Sunday, September 26th, 2004

good%20guy Wanted: More Like Him

The man on the right is Yunis Owaidah, a PLO Arab who is proud of the fact that he “collaborates” with Israel.  
 
The Jerusalem Post have a fascinating article on him, which I implore you all to read, if you have not already done so. Here is an appetizer:
Owaidah explained that he decided to work with Israel “because of the injustice we saw when we were under Jordanian rule before the 1967 war.”
 
“When the Jews came to Jerusalem, I saw how they were treating the people in a humane way,” he said. “By comparison, we had been oppressed by the Jordanians when they were here. Look how the Jews have built a modern and democratic state, and look where the Arabs still are.”

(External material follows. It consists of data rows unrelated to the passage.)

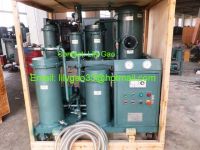 Sell Hydraulic Oil Purifier, Used Hydraulic Oil Purification Plant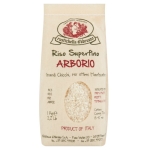 RISO ARBORIO RUSTICHELLA 1 KG (U)
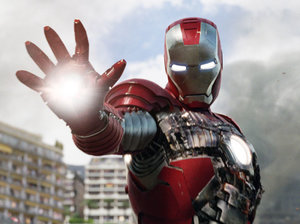IRON MAN 2 Quote That Could Have a Bigger Connection to AVENGERS: INFINITY WAR and AVENGERS: ENDGAME Than We Realized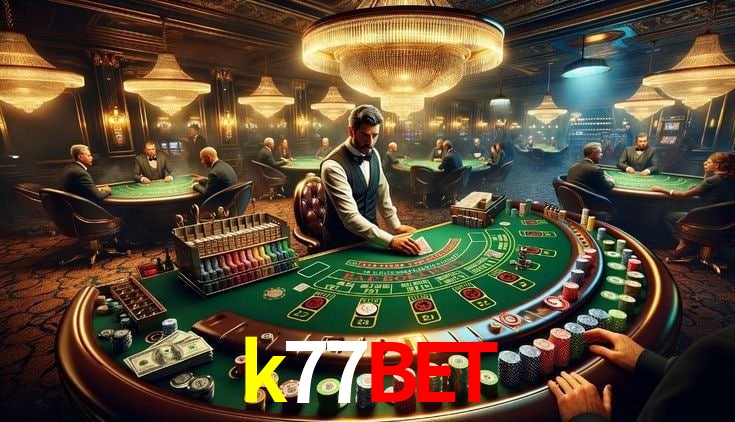 Bonus Features k77bet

Update: And while we are on the topic of Arab collaboration with Israel..
The respected London based Arabic daily Al Hayat reports that an Arab intelligence agency has been cooperating with the Mossad, providing it with significant and sensitive information about Hamas, especially its international activities.
 
According to the report, the Mossad requested the assistance, as it was unable to obtain the required information by itself, and has had little luck in penetrating Hams and other Islamic terror organizations, due to their effective counter-intelligence operational capabilities.
 
The information provided to the Mossad has given it detailed information on Hamas leaders, especially its leader Haled Mashal, who Israel attempted to assassinate in Jordan several years ago, and his deputy Mussa abu Marzouk. In addition the Arab intelligence agency has also furnished Mossad with detailed information on Hamas bureaus in Damascus, Beirut, Teheran and the Persian Gulf.
 
A western intelligence source hints that the Arab country in question may be Egypt. It claims that President Mubarak is gradually putting an audacious new strategy into place, which, if successful could provide credible foundations for a new Middle East power structure.
Even if it is true that it is Egypt, it doesn’t change my opinion that Egypt is no friend of ours.